O dizlerini karnına çekerek yatağa yerleşirken vakit kaybetmeden ışığı kapatıp yanına yattım. Bütün gün dokunulmadığı için yatak oldukça soğuktu.
"Sarılmak ister misin? Belki kabus görmene sebe-"
Sözümü bitirmemi beklemeden oyuncağını aramıza alarak belime sarıldı. Var gücüyle bedenime tutunan kolları kalbimin sızlamasına sebep olmuştu.
"Seni bu kadar korkutan şey ne bilmiyorum ama ben yanındayken korkmana gerek yok, tamam mı? Sana ve Luna'ya bir şey olmasına asla izin vermem."
"Ya ikimizi de koruyamazsan? İçimizden birini seçer miydin?"
"Elbette hayır. Size kaçmanız için zaman kazandırırdım."
"Luna'yı seçmez miydin?"
Kollarımı minik bedenine dolayıp kafasını göğsüme koyabilmesi için onu kendime yaklaştırdım.
"İkinizi de eşit derecede sevdiğimi biliyorsun değil mi?"
Onaylarcasına kafasını sallasa da bu konunun onun için daha derin olduğunu anlayabiliyordum.
"İkinizi de çok seviyorum Iris.
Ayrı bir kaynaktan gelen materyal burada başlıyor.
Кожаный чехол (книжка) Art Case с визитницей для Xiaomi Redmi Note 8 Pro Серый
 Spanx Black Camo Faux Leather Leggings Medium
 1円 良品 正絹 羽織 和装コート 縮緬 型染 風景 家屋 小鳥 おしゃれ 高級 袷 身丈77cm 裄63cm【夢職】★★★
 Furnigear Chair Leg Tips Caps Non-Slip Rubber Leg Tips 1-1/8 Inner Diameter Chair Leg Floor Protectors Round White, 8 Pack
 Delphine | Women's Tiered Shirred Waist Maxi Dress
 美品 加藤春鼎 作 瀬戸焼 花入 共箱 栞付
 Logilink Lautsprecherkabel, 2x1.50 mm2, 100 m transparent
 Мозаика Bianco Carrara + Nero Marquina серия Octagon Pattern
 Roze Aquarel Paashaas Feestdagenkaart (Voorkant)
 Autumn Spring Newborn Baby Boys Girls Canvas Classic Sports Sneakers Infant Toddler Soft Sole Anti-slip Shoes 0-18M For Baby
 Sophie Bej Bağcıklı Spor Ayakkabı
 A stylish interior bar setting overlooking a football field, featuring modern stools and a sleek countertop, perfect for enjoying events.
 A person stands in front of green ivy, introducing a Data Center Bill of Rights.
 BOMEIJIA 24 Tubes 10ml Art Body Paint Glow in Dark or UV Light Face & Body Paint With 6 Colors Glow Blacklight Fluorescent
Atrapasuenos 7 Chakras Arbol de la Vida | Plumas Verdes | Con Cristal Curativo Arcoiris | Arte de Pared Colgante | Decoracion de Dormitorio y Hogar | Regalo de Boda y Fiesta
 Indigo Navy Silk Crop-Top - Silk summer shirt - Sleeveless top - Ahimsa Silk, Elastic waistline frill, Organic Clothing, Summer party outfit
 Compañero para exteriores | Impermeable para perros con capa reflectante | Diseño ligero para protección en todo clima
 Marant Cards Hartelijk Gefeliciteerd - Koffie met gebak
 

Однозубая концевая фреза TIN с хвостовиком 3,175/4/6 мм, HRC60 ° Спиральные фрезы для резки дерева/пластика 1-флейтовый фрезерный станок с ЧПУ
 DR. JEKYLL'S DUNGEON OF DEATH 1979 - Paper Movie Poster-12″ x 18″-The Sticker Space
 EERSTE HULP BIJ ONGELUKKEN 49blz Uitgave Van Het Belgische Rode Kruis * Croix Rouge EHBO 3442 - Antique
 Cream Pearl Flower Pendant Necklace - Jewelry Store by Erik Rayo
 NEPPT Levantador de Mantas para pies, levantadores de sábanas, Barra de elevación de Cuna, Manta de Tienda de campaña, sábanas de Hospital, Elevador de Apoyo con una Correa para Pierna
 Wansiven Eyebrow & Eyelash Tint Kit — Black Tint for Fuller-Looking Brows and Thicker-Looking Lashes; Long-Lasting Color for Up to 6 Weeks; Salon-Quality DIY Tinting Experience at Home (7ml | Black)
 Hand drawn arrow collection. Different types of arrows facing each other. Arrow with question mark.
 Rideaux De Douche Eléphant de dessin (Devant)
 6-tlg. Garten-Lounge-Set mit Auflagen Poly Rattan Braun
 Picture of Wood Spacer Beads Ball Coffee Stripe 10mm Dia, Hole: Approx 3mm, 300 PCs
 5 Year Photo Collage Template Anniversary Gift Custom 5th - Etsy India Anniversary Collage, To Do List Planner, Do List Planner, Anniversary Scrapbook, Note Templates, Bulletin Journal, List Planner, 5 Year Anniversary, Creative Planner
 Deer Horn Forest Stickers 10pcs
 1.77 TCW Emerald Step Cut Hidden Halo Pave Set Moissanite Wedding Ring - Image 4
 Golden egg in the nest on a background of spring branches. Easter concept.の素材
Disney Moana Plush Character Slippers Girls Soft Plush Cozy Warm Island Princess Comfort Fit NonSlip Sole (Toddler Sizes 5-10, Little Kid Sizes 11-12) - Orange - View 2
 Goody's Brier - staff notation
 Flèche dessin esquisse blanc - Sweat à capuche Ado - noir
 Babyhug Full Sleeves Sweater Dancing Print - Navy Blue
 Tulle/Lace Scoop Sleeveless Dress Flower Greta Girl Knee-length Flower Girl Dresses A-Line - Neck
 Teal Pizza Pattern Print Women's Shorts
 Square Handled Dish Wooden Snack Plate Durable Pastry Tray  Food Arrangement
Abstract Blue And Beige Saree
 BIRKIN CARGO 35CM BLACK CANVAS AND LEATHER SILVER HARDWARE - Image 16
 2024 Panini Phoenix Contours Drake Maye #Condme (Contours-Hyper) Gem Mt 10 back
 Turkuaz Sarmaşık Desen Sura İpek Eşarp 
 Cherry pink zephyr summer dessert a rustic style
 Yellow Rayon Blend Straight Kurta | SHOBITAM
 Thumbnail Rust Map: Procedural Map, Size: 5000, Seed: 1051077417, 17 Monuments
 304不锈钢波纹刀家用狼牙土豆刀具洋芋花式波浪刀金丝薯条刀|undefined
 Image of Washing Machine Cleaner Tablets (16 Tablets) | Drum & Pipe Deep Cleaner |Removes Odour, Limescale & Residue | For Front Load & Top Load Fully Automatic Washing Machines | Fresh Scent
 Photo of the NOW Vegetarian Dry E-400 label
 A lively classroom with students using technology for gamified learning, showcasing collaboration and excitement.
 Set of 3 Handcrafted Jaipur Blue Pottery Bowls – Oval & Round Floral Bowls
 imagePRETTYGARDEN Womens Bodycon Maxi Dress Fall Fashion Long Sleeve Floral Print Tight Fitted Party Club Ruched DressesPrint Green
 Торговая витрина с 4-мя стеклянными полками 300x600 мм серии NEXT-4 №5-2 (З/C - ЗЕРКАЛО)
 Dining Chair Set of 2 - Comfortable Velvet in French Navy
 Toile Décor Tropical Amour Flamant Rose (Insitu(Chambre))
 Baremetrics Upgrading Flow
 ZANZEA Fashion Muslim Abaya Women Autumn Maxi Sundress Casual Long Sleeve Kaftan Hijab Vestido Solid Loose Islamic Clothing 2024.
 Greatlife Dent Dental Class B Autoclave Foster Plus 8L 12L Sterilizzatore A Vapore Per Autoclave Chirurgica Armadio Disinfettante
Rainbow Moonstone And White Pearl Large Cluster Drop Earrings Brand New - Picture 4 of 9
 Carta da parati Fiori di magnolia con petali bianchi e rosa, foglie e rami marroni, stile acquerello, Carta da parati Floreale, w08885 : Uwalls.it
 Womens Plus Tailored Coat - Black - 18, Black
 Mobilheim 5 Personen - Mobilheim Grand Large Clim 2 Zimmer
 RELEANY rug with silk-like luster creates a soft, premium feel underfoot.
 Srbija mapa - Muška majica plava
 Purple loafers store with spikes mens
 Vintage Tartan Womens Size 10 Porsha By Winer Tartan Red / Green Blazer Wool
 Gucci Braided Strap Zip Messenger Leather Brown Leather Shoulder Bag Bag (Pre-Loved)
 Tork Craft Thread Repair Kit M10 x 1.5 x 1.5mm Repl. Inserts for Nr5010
Hatta benim için yaptığınız bebeği her gün çantamda taşıyorum, bunu biliyor muydun?"
"Hayır ama bebek Luna'nın fikriydi."
ŞİMDİ OKUDUĞUN
Miss Fleming // GxG (teacherxstudent)
ChickLit"Senden ne istedi?" Ellerini kollarımın iki yanına koyup beni duvardan ayırdı. Benden bir cevap alabilmek için doğrudan gözlerime bakıyordu. Endişeliydi ama kelimelerinin altında yatan öfkeyi de hissedebiliyordum. "Para." Ellerinden birini omzumdan...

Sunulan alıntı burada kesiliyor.